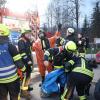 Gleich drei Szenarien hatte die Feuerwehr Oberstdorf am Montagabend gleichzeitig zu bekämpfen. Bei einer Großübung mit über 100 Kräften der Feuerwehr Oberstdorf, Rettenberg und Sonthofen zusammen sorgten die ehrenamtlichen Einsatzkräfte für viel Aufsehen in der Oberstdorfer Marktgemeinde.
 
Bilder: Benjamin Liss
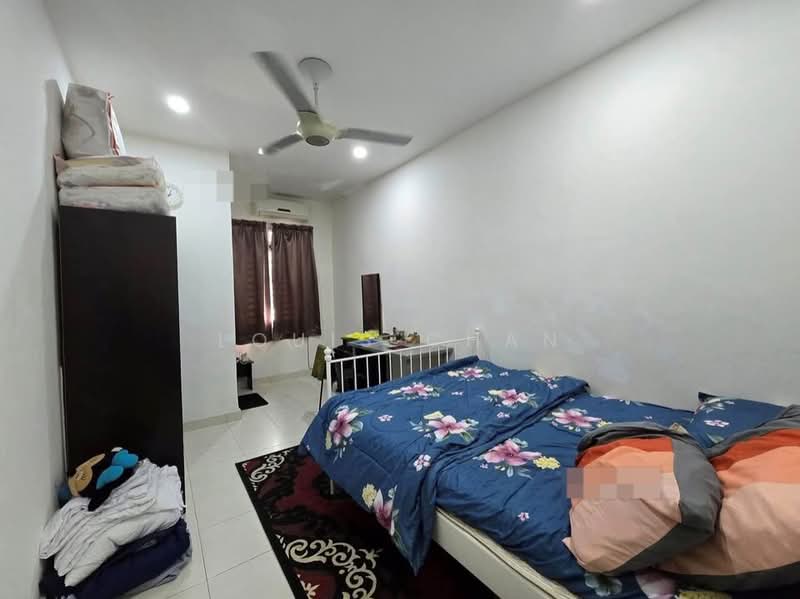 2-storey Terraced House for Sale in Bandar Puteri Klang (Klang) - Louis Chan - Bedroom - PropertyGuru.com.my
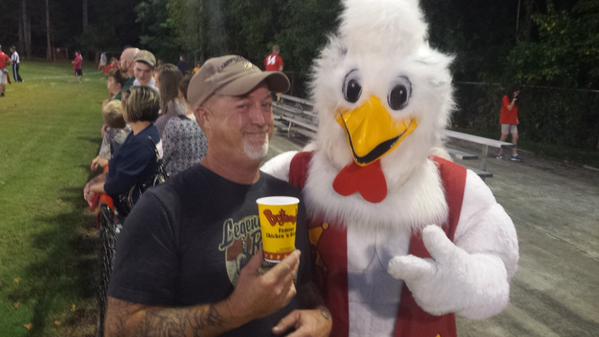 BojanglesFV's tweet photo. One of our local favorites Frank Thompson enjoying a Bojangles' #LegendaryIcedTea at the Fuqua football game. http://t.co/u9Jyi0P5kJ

==

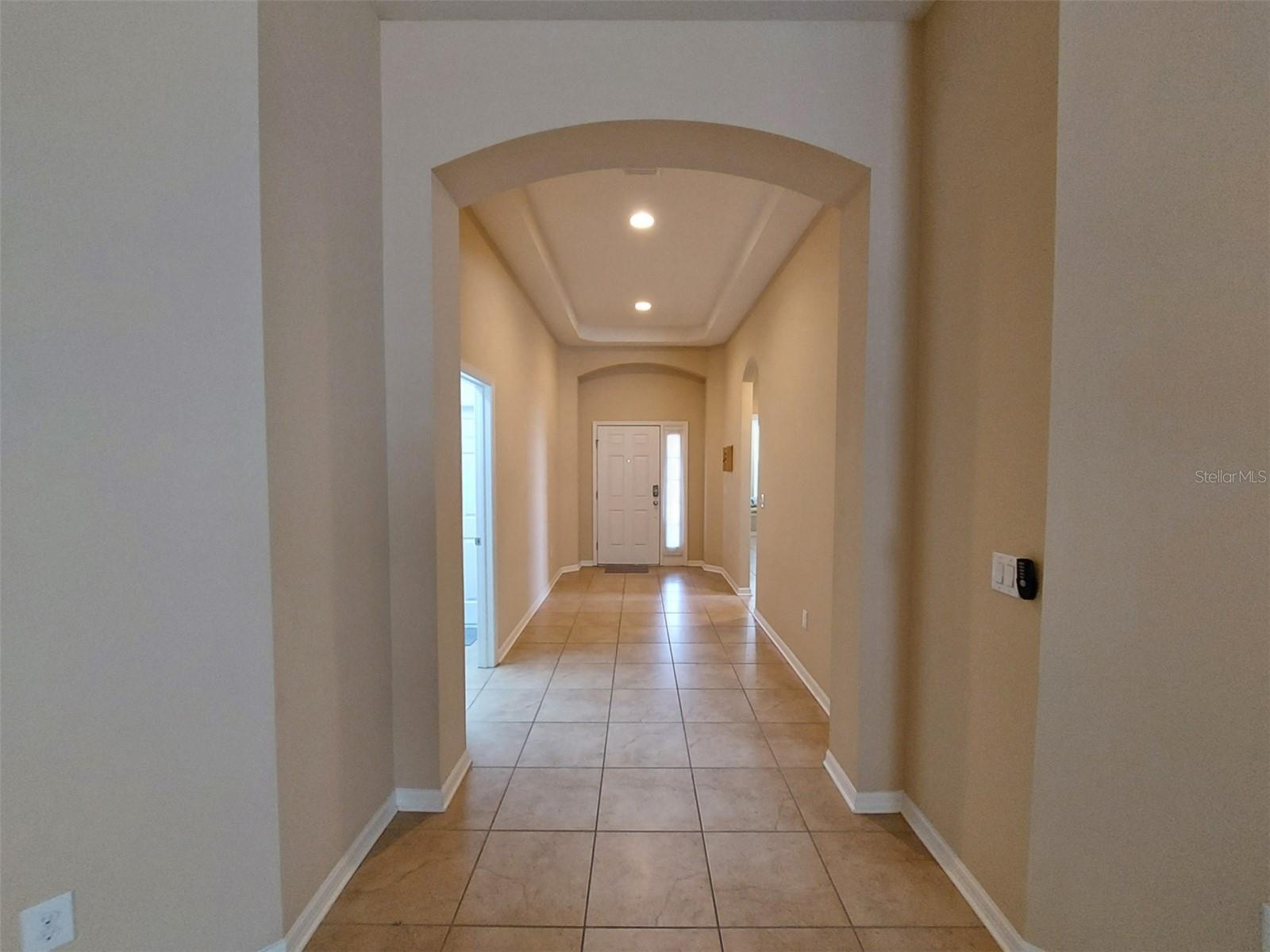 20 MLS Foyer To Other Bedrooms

**Task:**
Print exactly, with no pictures, the lines above from the one that holds "Gleich drei Szenarien" through the one that holds "BojanglesFV's tweet photo.", both of them included.

**Written reply:**
 Gleich drei Szenarien hatte die Feuerwehr Oberstdorf am Montagabend gleichzeitig zu bekämpfen. Bei einer Großübung mit über 100 Kräften der Feuerwehr Oberstdorf, Rettenberg und Sonthofen zusammen sorgten die ehrenamtlichen Einsatzkräfte für viel Aufsehen in der Oberstdorfer Marktgemeinde.
 
Bilder: Benjamin Liss
 2-storey Terraced House for Sale in Bandar Puteri Klang (Klang) - Louis Chan - Bedroom - PropertyGuru.com.my
 BojanglesFV's tweet photo. One of our local favorites Frank Thompson enjoying a Bojangles' #LegendaryIcedTea at the Fuqua football game. http://t.co/u9Jyi0P5kJ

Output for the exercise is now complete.